Implement new plot directive for clustering visualizers [Issue #687] #742

Kautumn06 · 2019-02-12T15:17:48Z

Adds the new plot directive from PR #446 in the documentation for the KElbowVisualizer, SilhouetteVisualizer, and InterclusterDistance. In addition, I deleted the scripts originally used to generate the images in the docs, along with the images.

I'll add comments to help explain the changes. However, please just let me know if anyone has any questions!

Quick Update: the tests originally failed which I think may have been because I initially set k in the InterclusterDistance visualizer, similar to how k is set in KElbowVisualizer.

model = KMeans()
visualizer = InterclusterDistance(model, k=9)

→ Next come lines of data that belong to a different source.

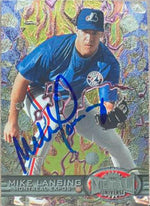 Mike Lansing Signed 1997 Metal Universe Baseball Card - Montreal Expos - PastPros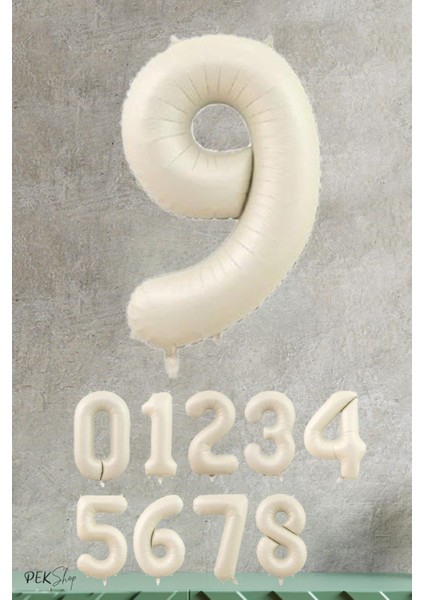 Krem Renk Rakam Folyo Balon 9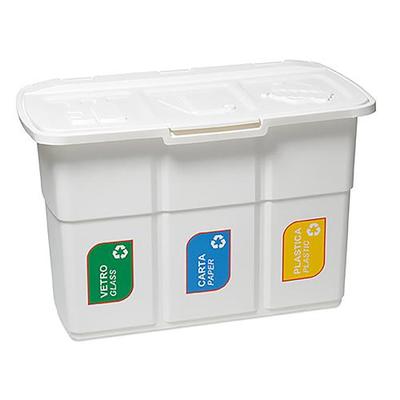 Kôš DEAhome ECOPAT 3x 25 lit, biely, na recykláciu odpadu 75x37x50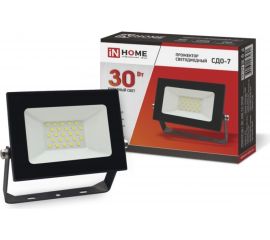Светодиодный прожектор IN HOME СДО-7 30Вт 230В 6500К IP65 черный 4690612034621 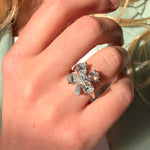 Diamond Flower Dress Ring-Charlotte Sayers Antique Jewellery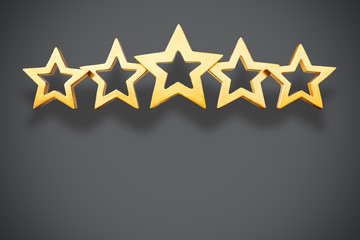 5 star rating grey background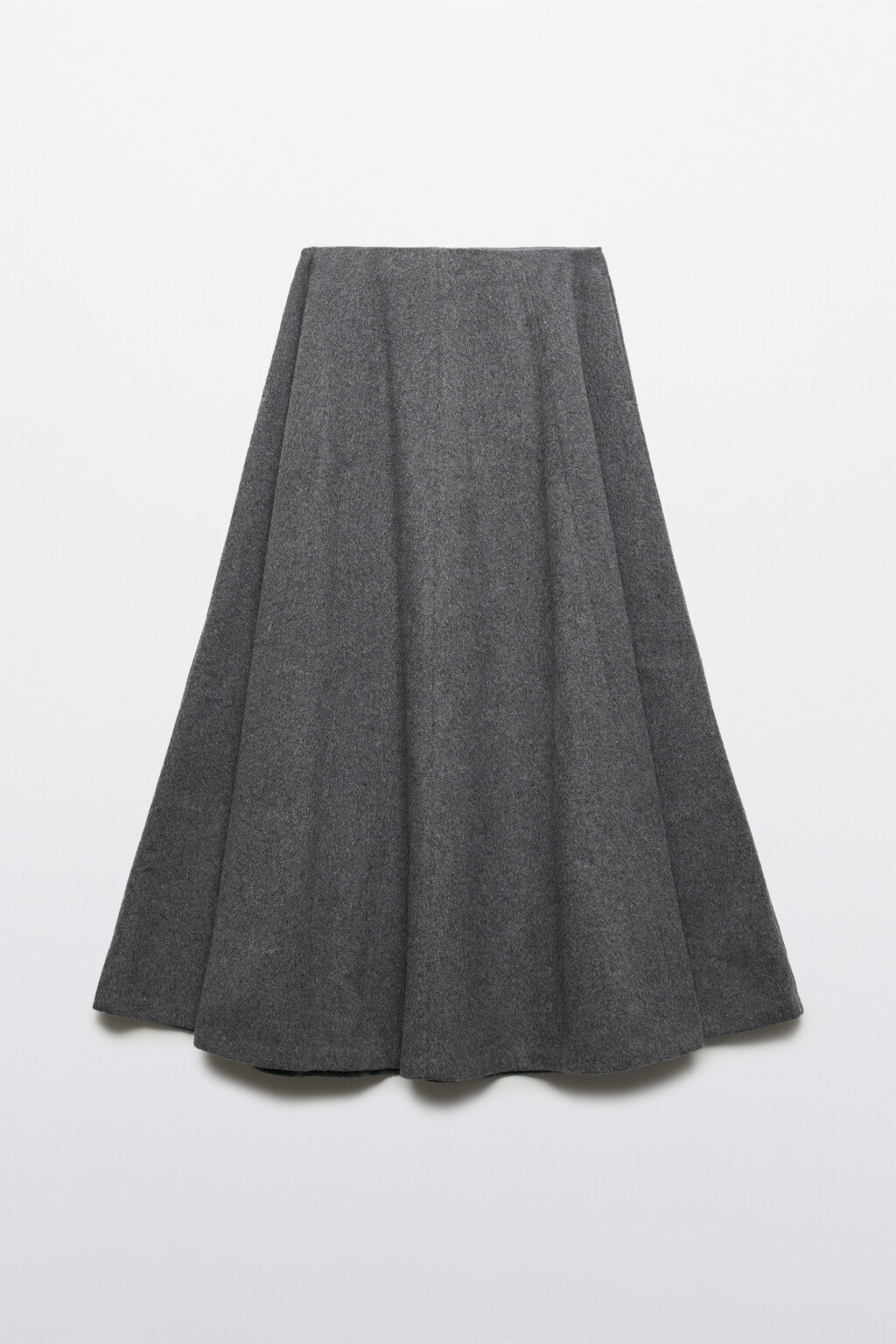 Юбка-трапеция из теплого трикотажа - цвет серый - 8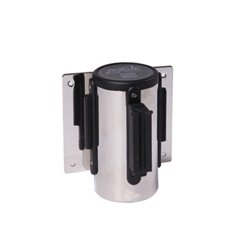 Obex Wall Mounted Belt Barrier; 2300 mm; Chrome + Black/Yellow Chevron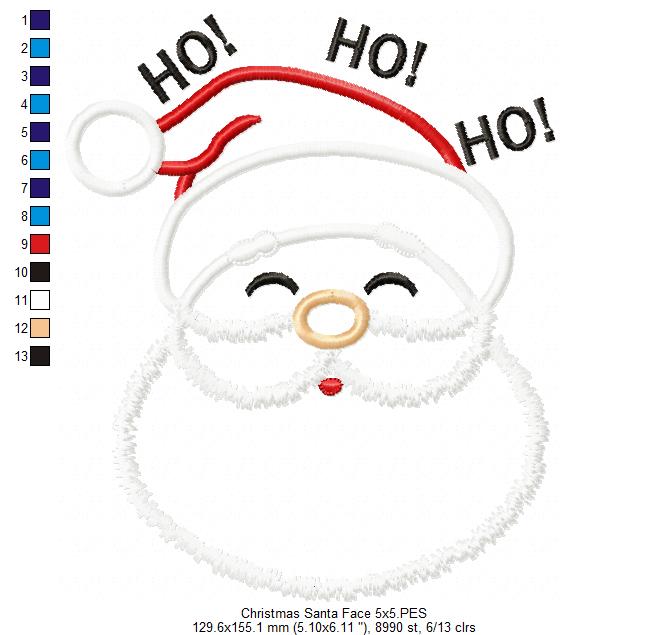 Santa Claus Face Ho Ho HO - Applique - Machine Embroidery Design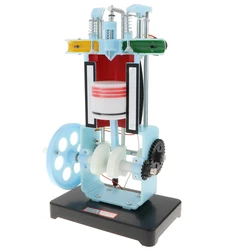 4 Stroke Hand Crank Gasoline Engine Model Internal Combustion Engine Model Physics Education Toy--17x11x30cm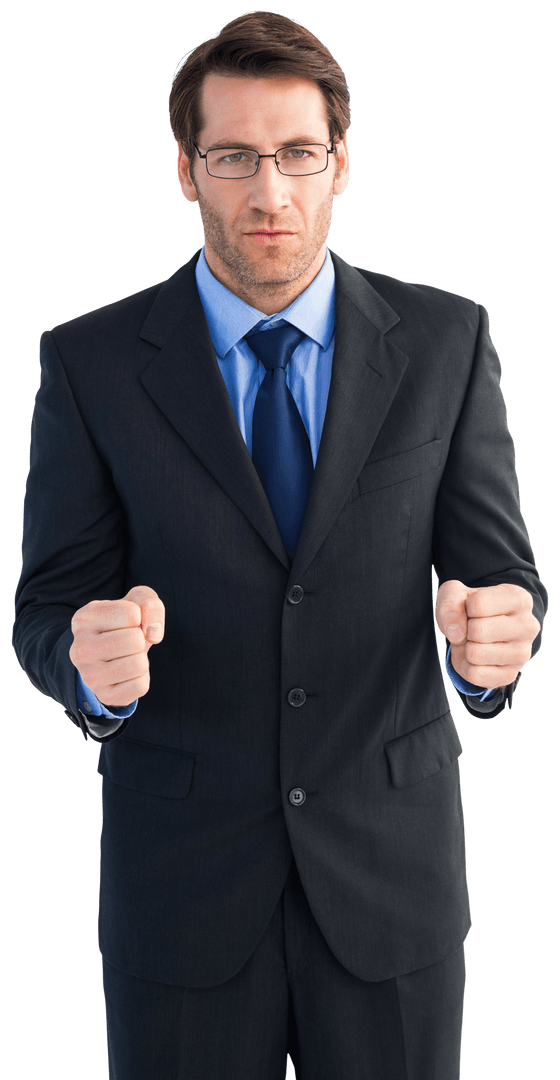 Transparent Background Angry Businessman in Suit Clenching Fists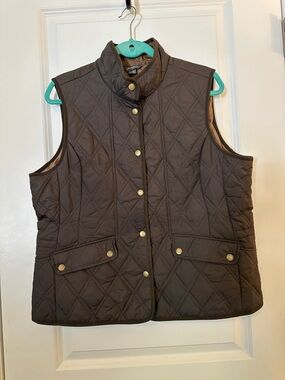 Eddie Bauer Quilted Brown Snap-Front Vest
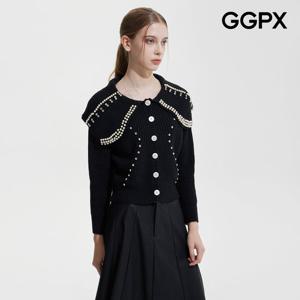 GGPX  진주 빅 카라 버튼 니트 가디건 (GP9KG021F)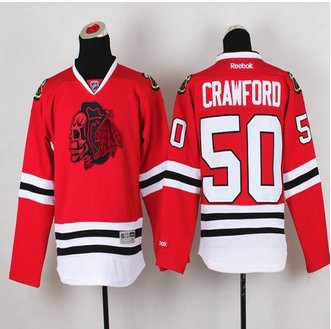 Youth Chicago Blackhawks #50 Corey Crawford Red(Red Skull) Stitched NHL Jersey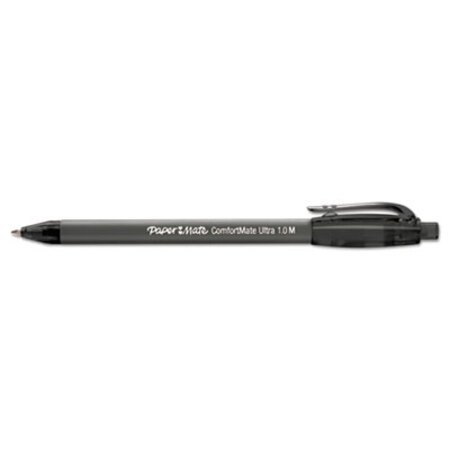 Picture of ComfortMate Ultra Ballpoint Pen, Retractable, Medium 1 mm, Black Ink, Black Barrel, DozenPAP-6330187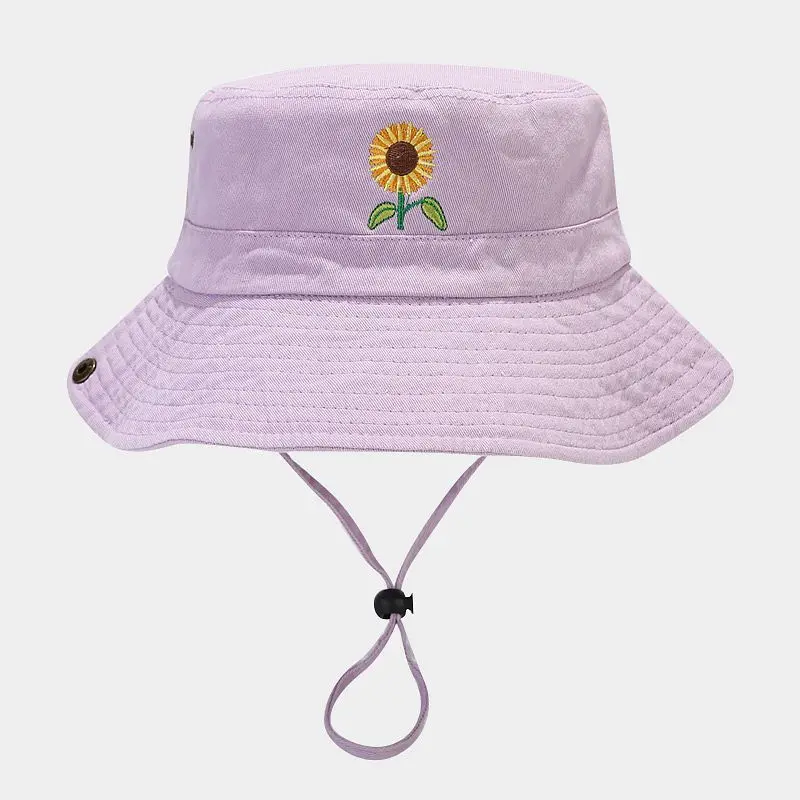 

Flower Embroidery Cotton Bucket Hat Women Summer Sunscreen Hat Outdoor Travel Washed Cowboy Fisherman Hat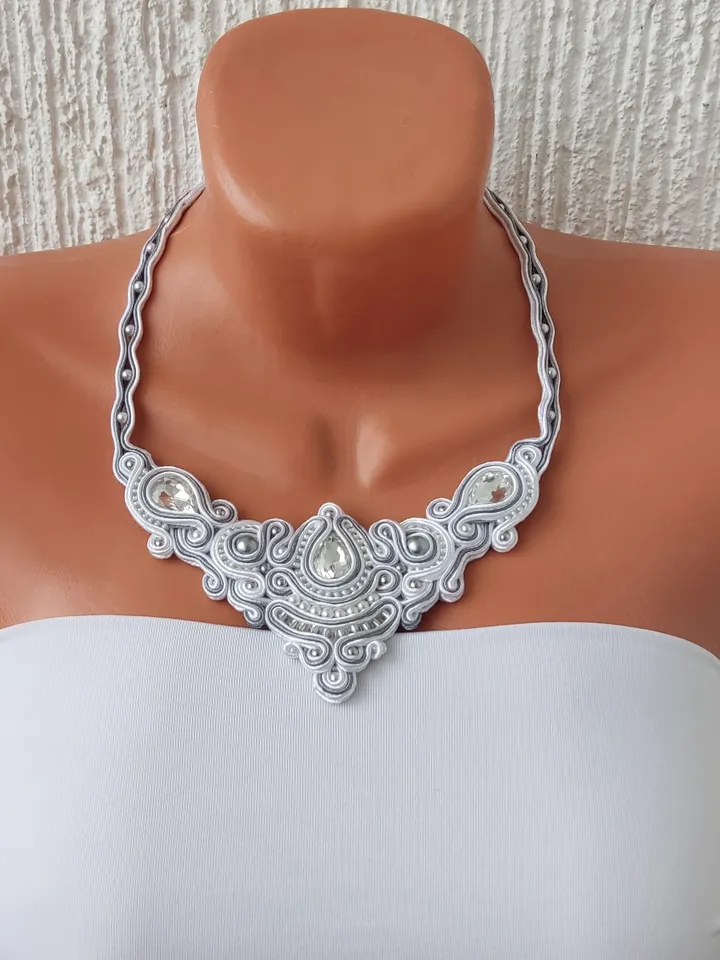 Bridal necklace, White necklace, Wedding jewelry, Bead Embroidered Soutache necklace Rhinestone beaded necklace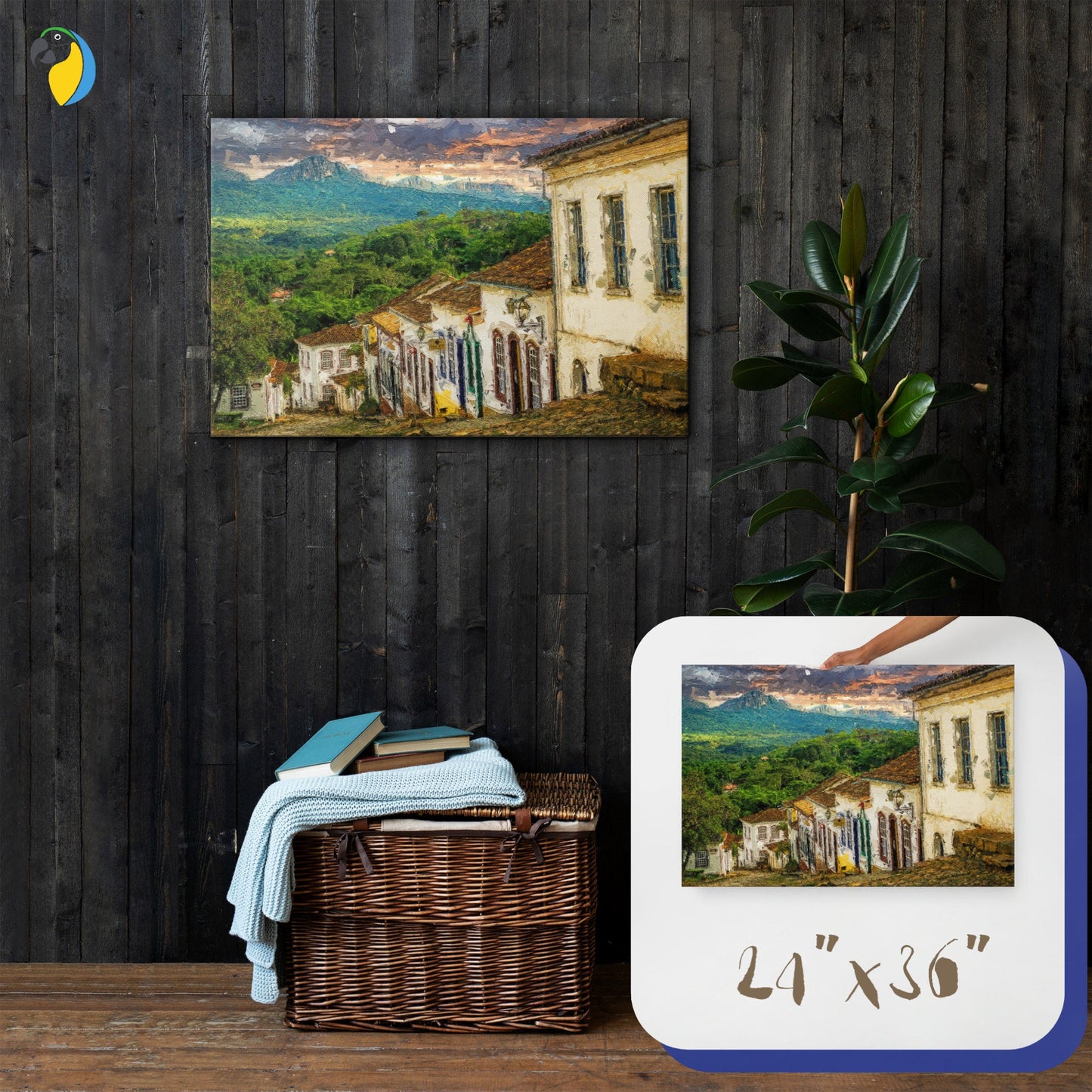 Brazil Minas Gerais Impressionist Painting Thin Canvas Print | Brazilian Artist Wall Art For Tropical Beach Coastal Boheme Decor | PapagaioStudio Etsy Shop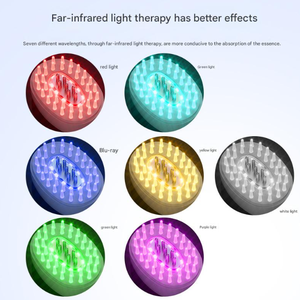 Brosse de massage du cuir chevelu électrique intelligente avec lumière à 7 couleurs pour la croissance des cheveux - Product Image 5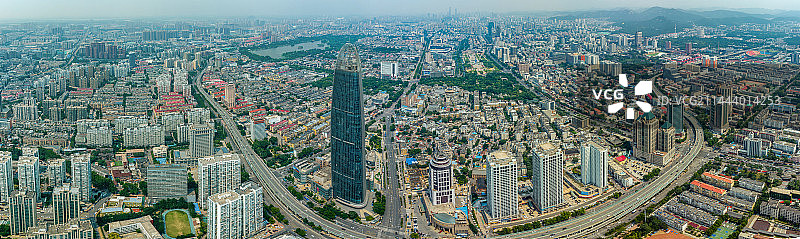 中国山东济南绿地中心与顺河高架航拍图片素材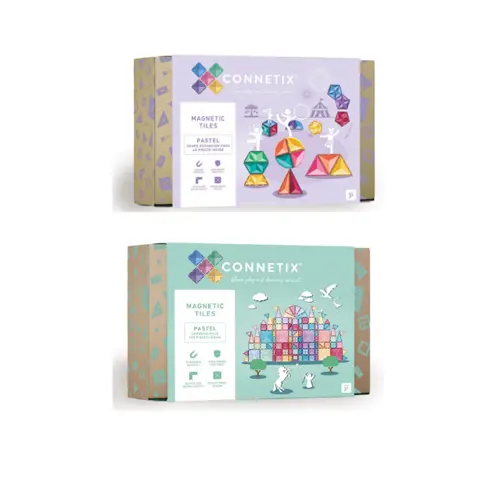 Connetix - Pastel Shape Expansion Pack 48 Pieces + Pastel Creative Pack 120 Pieces (Bundle)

And while it did create the image when I ran make html, the tests failed. I think this may be because k is not actually a defined parameter for the InterclusterDistance visualizer, which is why I pushed a new commit with the following update:

model = KMeans(9)
visualizer = InterclusterDistance(model)

Since implementing the new plot directive, this script is no longer needed to generate images in the SilhouetteVisualizer documention. Issue DistrictDataLabs#687

Updates the code block in the SilhouetteVisualizer documentation so that it can utilize the new plot directive from PR DistrictDataLabs#446 to autogenerate the images. Issue DistrictDataLabs#687

I added :alt: and :context: close-figs settings for both plots in the KElbowVisualizer documentation. See also: DistrictDataLabs#687, DistrictDataLabs#446

Add new plot directive settings from PR DistrictDataLabs#446 to Intercluster Distance Maps Visualizer documentation. In addition, I deleted the original script that had previously been used to generate the image in the documentation. See also: DistrictDataLabs#687

Kautumn06 · 2019-02-12T15:19:01Z

docs/api/cluster/elbow.rst

@@ -8,21 +8,23 @@ The ``KElbowVisualizer`` implements the "elbow" method to help data scientists s
 To demonstrate, in the following example the ``KElbowVisualizer`` fits the ``KMeans`` model for a range of :math:`K` values from 4 to 11 on a sample two-dimensional dataset with 8 random clusters of points. When the model is fit with 8 clusters, we can see an "elbow" in the graph, which in this case we know to be the optimal number.

 .. plot::
+    :context: close-figs


Added the recommended :context: and alt settings to the plot directive.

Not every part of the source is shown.